Maplets includes freely downloadable maps from city, state, and national parks, bike trails, hiking trail, mass transit routes, ski resorts, you name it.

Maplets is an iPhone App and an Android App that lets you track your location using GPS on an offline map that you’ve downloaded to your phone or tablet. Once you purchase the app, you can download any map you want for free. Maplets redistributes 10,000 maps of city, state, and national parks, ski resorts, mass transit systems, you name it.

You don’t have to have any navigational skills to read the maps which are simply electronic versions of the free paper maps that you’d get when you visit a place that hands them out. While Maplets is a great app for hikers, really anyone can use it. You don’t need to be connected to cell phone service or the Internet, but you do need a GPS-enabled device like a smartphone.

For example, you can map your position on a map using GPS (blue dot) or create pins (red pin) to mark a location for future reference
For example, you can map your position on a map using GPS (blue dot) or create pins (red pin) to mark a location for future reference

In addition to being able to view maps on your phone, you can map your position using GPS, create pins on the maps, and share your location via email or social media.

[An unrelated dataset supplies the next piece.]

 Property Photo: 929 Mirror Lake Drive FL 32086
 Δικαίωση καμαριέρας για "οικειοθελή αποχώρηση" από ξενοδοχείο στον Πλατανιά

You can even draw a route with your finger in red on a downloaded map (left), export the GPX file, and import it into Gaia (right) or another more sophisticated mapping app
You can even draw a route with your finger in red on a downloaded map (left), export the GPX file, and import it into Gaia (right) or another more sophisticated mapping app

Maplets also lets you draw routes on maps that you download using your finger (in red). You can export a route as a GPX file, and even import it into a more sophisticated mapping program like Gaia, shown here on the right.

The Good

  • Every map download is free, with new maps added all the time.
  • Shows your GPS position on the map
  • Fast Display – Much faster than viewing the equivalent PDFs on your phone
  • Once maps are downloaded, they are stored on your phone/tablet for quick offline access
  • Share your location via email or social media
  • Share routes or export them to other apps

The Bad

  • Maps provided can be out of date
  • Limited selection of maps (10,000 to date)
  • Publishers can’t sell maps through Maplets (all maps must be freely available today)

It’s pretty amazing how powerful and simple Maplets is to use. And you don’t have to be connected to the Internet or cell service to use it, as long as you can use your GPS.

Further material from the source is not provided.